Why am I bringing this up? Because I realized that the outline structure of a document is also a DAG. Each Heading has several blocks of text under it, like the children in the family tree. And each Heading itself is a subheading of a bigger Heading. The concept of the “document” itself can be seen as the Lucas Grey of our family tree. Each document in a wiki is a DAG.

Therefore Multigraph?

So, you have a graph of text blocks that form DAGs of documents, but each of those text blocks can also connect up to other text blocks in other DAGs with hyperlinks. So, what if we had a graph with two kinds of edges, the Outline kind, and the Hyperlink kind? An entire wiki could be theoretically stored in a single multigraph of text blocks, with Outline DAGs encoding documents, and Hyperlink graphs representing the connections between all the documents.

Conclusion

I believe that the type definition of a Wiki would be a multigraph of text. I think that you could store an entire wiki inside of a graph database and have a really interesting architecture for a wiki engine. But that’s for next time 🙂

Source Code in a Wiki?

This is an add on to my previous post, Wikis as Multigraphs of Text.

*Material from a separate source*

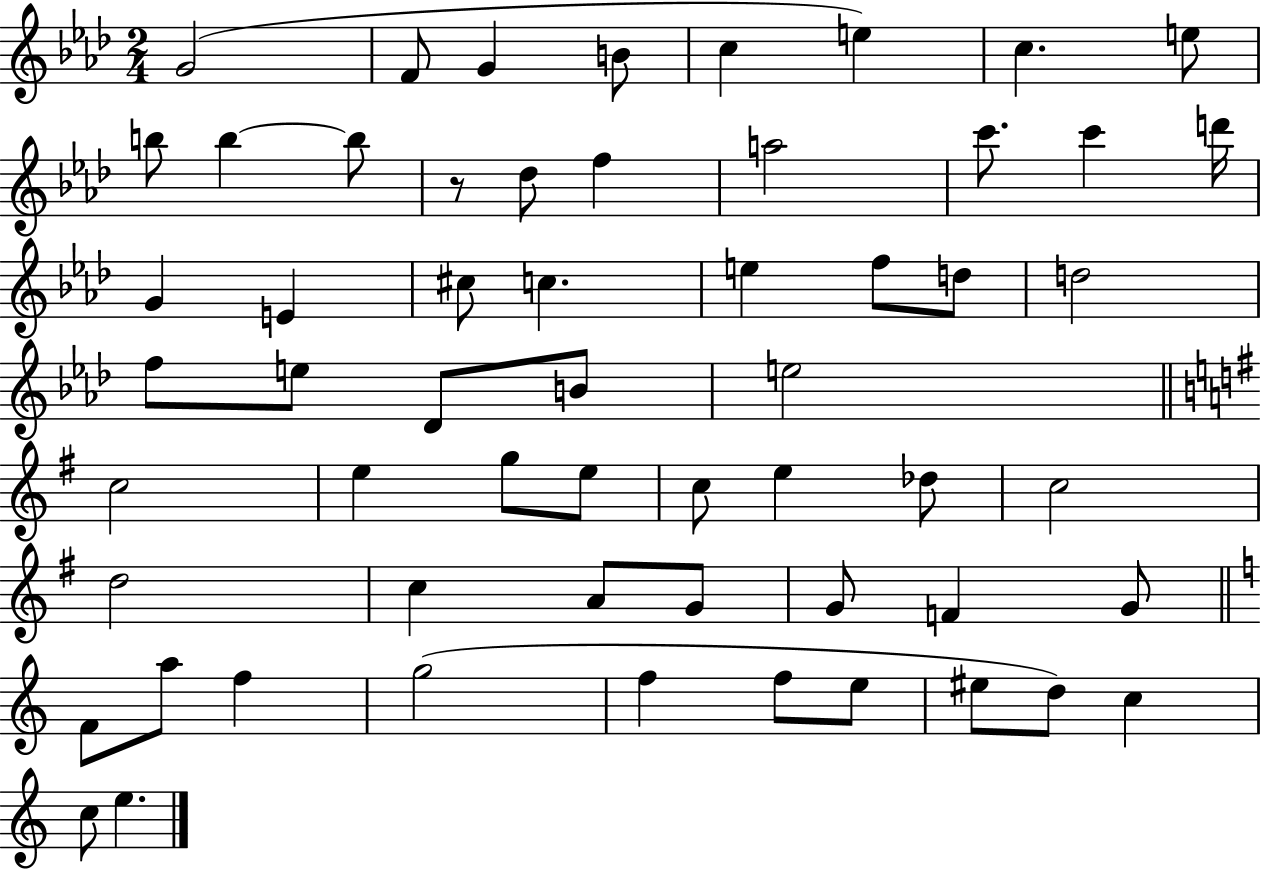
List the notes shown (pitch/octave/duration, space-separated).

G4/h F4/e G4/q B4/e C5/q E5/q C5/q. E5/e B5/e B5/q B5/e R/e Db5/e F5/q A5/h C6/e. C6/q D6/s G4/q E4/q C#5/e C5/q. E5/q F5/e D5/e D5/h F5/e E5/e Db4/e B4/e E5/h C5/h E5/q G5/e E5/e C5/e E5/q Db5/e C5/h D5/h C5/q A4/e G4/e G4/e F4/q G4/e F4/e A5/e F5/q G5/h F5/q F5/e E5/e EIS5/e D5/e C5/q C5/e E5/q.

As of right now, most source code is stored as text files in a file system. And this has worked out fine for the industry for decades. But, there are other ways of storing programs. What if, we stored source code in a wiki?

As a reminder, from my previous blog post, I stated that a Wiki data type could be encoded as a multigraph, that is, a graph with at least two kinds of edges, Outline, where we encode text block order for output, and Hyperlink, where we track hyperlink references between blocks.

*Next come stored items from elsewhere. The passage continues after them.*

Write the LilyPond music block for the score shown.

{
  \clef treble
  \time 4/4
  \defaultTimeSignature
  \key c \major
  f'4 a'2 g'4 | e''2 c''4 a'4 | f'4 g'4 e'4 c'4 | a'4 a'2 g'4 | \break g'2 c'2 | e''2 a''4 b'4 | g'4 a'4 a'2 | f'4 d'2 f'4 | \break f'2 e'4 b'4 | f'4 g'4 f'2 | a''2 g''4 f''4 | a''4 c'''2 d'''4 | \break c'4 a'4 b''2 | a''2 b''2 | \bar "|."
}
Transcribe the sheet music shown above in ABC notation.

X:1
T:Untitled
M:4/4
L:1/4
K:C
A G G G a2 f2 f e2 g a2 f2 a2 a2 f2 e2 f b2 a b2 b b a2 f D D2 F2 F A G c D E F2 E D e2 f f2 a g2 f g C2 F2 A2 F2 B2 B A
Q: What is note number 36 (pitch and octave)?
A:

Why should we put source code in wikis?

For the purposes of this blog post, I’d like to avoid the question of the usefulness of this paradigm, and just make this statement: I think this is a fun thought experiment, not a call for change.

If/when I do implement some kind of system based on these ideas, I will report that in another post.

I think that a wiki could be an excellent way for a group of programmers to maintain a codebase over time. Utility scripts could be encoded with documentation alongside, with comments and examples included. If the wiki was version controlled, then all of that information would be as well. All alongside your code, instead of in a different place. And if that wiki was a multigraph, then you can use graph theory to structure your code instead of a bytestream.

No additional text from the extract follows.